Ainsi, une Déclaration des droits de l’enfant est adoptée par l’Assemblée générale des Nations unies, le 20 novembre 1959. Le texte reprend les « besoins » des enfants et les « devoirs » de l’humanité indiqués en 1924/1948. Ainsi, sont énoncés dix « principes », en ajoutant à la liste précédente le droit à un nom et à une nationalité, à l’amour, aux loisirs (doc. 3). Si la déclaration de 1959 est signée par tous les États membres de l’ONU, pas plus que la déclaration de Genève, elle ne les contraint en quoi que ce soit.
Établir un texte juridique contraignant pour les États
Afin de favoriser une prise de conscience universelle en faveur des droits de l’enfant, l’ONU déclare 1979 « Année internationale de l’enfant », et la Commission des droits de l’homme crée un groupe de travail chargé de rédiger une Convention contraignante pour les États. S’y retrouvent les organisations internationales, différentes ONG dont certaines créées tout exprès comme Défense des enfants – International (DEI), et les 48 États membres de la Commission des droits de l’homme, dont la Pologne communiste, très active dans l’espace de la cause des enfants, se référant à Janusz Korczak.
Cette grande entreprise nécessite dix ans de travail, car se pose la question très aiguë de l’universalité des droits de l’enfant. Celui-ci est en effet considéré très différemment selon les aires culturelles, alors comment définir un « intérêt de l’enfant » accepté par tous et partout ? La définition de l’enfant elle-même pose question, en lien avec les législations très divergentes des États sur l’avortement. Afin d’aboutir à une Convention qui ferait l’unanimité, sa logique d’élaboration a été celle de la diplomatie, du consensus et du compromis politique. La fin des années 1980, avec un renouveau de l’ONU et le règlement de conflits latents, fut un contexte favorable à la finalisation du texte.
Le 20 novembre 1989, l’Assemblée générale des Nations unies adopte la Convention internationale des droits de l’enfant (CIDE) qui compte 54 articles. Elle stipule que toute mesure protectrice prise à l’égard d’un enfant doit être gouvernée par la recherche de l’intérêt supérieur de l’enfant et le respect de ses droits fondamentaux assurant sa protection et son émancipation. La CIDE est entrée en vigueur dès le 7 septembre 1990, après sa ratification par 20 États. Quelques jours plus tard, la diplomatie de l’enfance atteint son apogée avec un « Sommet mondial pour les enfants » qui rassemble le plus grand nombre de dirigeants jamais réuni au même moment (doc. 4). Ils adoptent une Déclaration sur la survie, la protection et de développement de l'enfant, ainsi qu’un plan d’action pour les années 1990.

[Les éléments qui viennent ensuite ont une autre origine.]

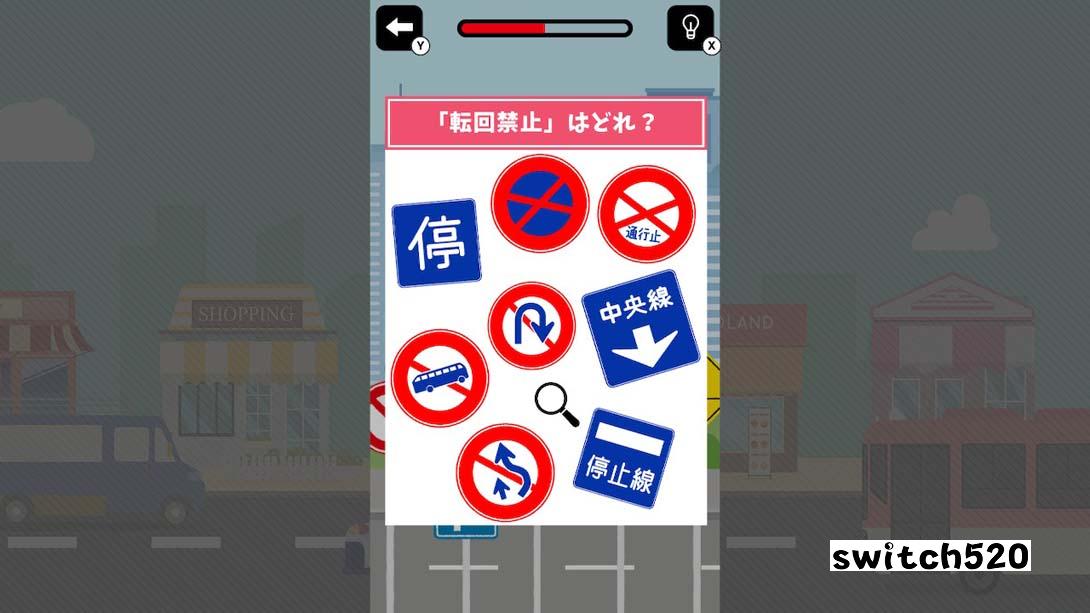 【日版】超级难题!路标竞猜 日语_1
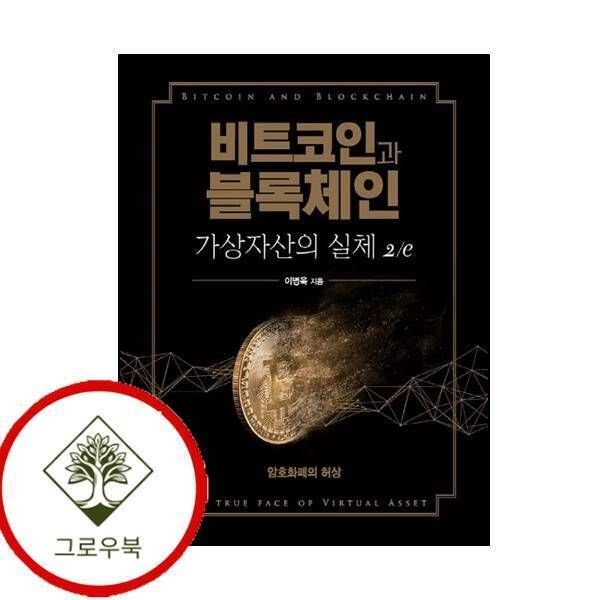 [에이콘출판][그로우북] 비트코인과 블록체인 가상자산의 실체 2e 비트코인과블록체인가상자산의실체2e 스테디셀러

L’application de la CIDE est contrôlée par le Comité des droits de l’enfant de l’ONU. Celui-ci publie régulièrement des « observations générales » sur des questions problématiques et examine les rapports périodiques des États. En effet, ceux-ci sont contraints de par leur ratification de la CIDE d’appliquer les règles qu’elle porte. En 2000, deux protocoles additionnels facultatifs ont été adoptés par l’ONU, puis un troisième en 2011 qui permet à tout enfant de déposer une communication individuelle devant le Comité des droits de l’enfant. En septembre 2019, seize jeunes pétitionnaires, dont Greta Thunberg et Alexandria Villaseñor, ont fait cette démarche, arguant que l’échec des États à faire face à la crise climatique constitue une violation des droits de l’enfant. Au 30e anniversaire de la CIDE, sur les 197 États souverains signataires, 196 l’ont ratifiée. Les États-Unis, après avoir signé la convention en 1995 seulement, demeurent aujourd’hui le seul pays signataire à ne pas l’avoir ratifiée, ce qui ne laisse pas de s’interroger sur la défaillance d’une grande démocratie dans l’espace transnational de la cause des enfants.